Starting at the top of the entries below, print each line exactly until the line with "BTS442E2_4192891.PDF Datasheet" has been printed too.
Start of Material to process
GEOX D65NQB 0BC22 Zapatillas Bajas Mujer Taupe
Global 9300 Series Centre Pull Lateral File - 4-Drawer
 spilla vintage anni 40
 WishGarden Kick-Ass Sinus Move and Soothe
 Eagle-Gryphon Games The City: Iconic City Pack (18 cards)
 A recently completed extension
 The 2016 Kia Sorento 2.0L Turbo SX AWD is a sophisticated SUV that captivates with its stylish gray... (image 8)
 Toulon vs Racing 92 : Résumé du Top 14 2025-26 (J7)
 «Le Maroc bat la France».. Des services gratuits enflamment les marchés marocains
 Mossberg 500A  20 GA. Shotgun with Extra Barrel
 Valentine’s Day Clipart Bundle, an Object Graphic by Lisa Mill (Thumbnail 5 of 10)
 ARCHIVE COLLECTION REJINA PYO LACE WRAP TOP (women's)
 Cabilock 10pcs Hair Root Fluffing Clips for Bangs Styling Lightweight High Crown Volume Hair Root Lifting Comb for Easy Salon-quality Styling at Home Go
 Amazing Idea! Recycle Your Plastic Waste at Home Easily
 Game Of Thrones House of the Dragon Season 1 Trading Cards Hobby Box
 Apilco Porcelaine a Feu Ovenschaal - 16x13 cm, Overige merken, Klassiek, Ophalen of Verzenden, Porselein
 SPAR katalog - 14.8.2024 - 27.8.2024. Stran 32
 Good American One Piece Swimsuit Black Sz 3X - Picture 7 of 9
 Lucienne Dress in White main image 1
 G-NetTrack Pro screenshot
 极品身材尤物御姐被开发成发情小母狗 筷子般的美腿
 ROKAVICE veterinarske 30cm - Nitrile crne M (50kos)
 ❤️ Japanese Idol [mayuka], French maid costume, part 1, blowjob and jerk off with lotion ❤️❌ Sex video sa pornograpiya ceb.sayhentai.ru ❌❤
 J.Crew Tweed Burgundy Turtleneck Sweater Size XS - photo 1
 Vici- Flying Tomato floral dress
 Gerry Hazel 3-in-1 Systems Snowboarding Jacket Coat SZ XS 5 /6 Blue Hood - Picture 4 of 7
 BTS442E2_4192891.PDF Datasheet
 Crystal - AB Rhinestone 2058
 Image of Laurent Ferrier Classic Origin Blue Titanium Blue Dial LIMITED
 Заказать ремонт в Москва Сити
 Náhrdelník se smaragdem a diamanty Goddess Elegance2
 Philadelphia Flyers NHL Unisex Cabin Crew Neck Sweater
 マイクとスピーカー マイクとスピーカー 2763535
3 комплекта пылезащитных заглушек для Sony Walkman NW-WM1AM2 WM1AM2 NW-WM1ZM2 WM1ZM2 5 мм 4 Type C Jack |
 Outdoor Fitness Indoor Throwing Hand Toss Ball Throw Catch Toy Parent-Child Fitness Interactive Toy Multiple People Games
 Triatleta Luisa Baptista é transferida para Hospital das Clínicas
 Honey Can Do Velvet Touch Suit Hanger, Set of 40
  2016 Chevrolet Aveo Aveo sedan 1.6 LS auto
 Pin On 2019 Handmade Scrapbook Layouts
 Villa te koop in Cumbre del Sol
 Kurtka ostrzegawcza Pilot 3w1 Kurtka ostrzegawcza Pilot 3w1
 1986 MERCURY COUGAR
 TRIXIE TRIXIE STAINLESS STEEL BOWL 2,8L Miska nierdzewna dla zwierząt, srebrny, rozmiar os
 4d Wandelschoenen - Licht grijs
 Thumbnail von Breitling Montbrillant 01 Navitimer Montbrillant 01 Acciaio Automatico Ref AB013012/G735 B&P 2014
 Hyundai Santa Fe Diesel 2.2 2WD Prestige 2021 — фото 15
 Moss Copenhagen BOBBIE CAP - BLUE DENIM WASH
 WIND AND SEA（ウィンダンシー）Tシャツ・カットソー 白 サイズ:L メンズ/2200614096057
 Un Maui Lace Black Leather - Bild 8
End of Material to process
### Output for this task
GEOX D65NQB 0BC22 Zapatillas Bajas Mujer Taupe
Global 9300 Series Centre Pull Lateral File - 4-Drawer
 spilla vintage anni 40
 WishGarden Kick-Ass Sinus Move and Soothe
 Eagle-Gryphon Games The City: Iconic City Pack (18 cards)
 A recently completed extension
 The 2016 Kia Sorento 2.0L Turbo SX AWD is a sophisticated SUV that captivates with its stylish gray... (image 8)
 Toulon vs Racing 92 : Résumé du Top 14 2025-26 (J7)
 «Le Maroc bat la France».. Des services gratuits enflamment les marchés marocains
 Mossberg 500A  20 GA. Shotgun with Extra Barrel
 Valentine’s Day Clipart Bundle, an Object Graphic by Lisa Mill (Thumbnail 5 of 10)
 ARCHIVE COLLECTION REJINA PYO LACE WRAP TOP (women's)
 Cabilock 10pcs Hair Root Fluffing Clips for Bangs Styling Lightweight High Crown Volume Hair Root Lifting Comb for Easy Salon-quality Styling at Home Go
 Amazing Idea! Recycle Your Plastic Waste at Home Easily
 Game Of Thrones House of the Dragon Season 1 Trading Cards Hobby Box
 Apilco Porcelaine a Feu Ovenschaal - 16x13 cm, Overige merken, Klassiek, Ophalen of Verzenden, Porselein
 SPAR katalog - 14.8.2024 - 27.8.2024. Stran 32
 Good American One Piece Swimsuit Black Sz 3X - Picture 7 of 9
 Lucienne Dress in White main image 1
 G-NetTrack Pro screenshot
 极品身材尤物御姐被开发成发情小母狗 筷子般的美腿
 ROKAVICE veterinarske 30cm - Nitrile crne M (50kos)
 ❤️ Japanese Idol [mayuka], French maid costume, part 1, blowjob and jerk off with lotion ❤️❌ Sex video sa pornograpiya ceb.sayhentai.ru ❌❤
 J.Crew Tweed Burgundy Turtleneck Sweater Size XS - photo 1
 Vici- Flying Tomato floral dress
 Gerry Hazel 3-in-1 Systems Snowboarding Jacket Coat SZ XS 5 /6 Blue Hood - Picture 4 of 7
 BTS442E2_4192891.PDF Datasheet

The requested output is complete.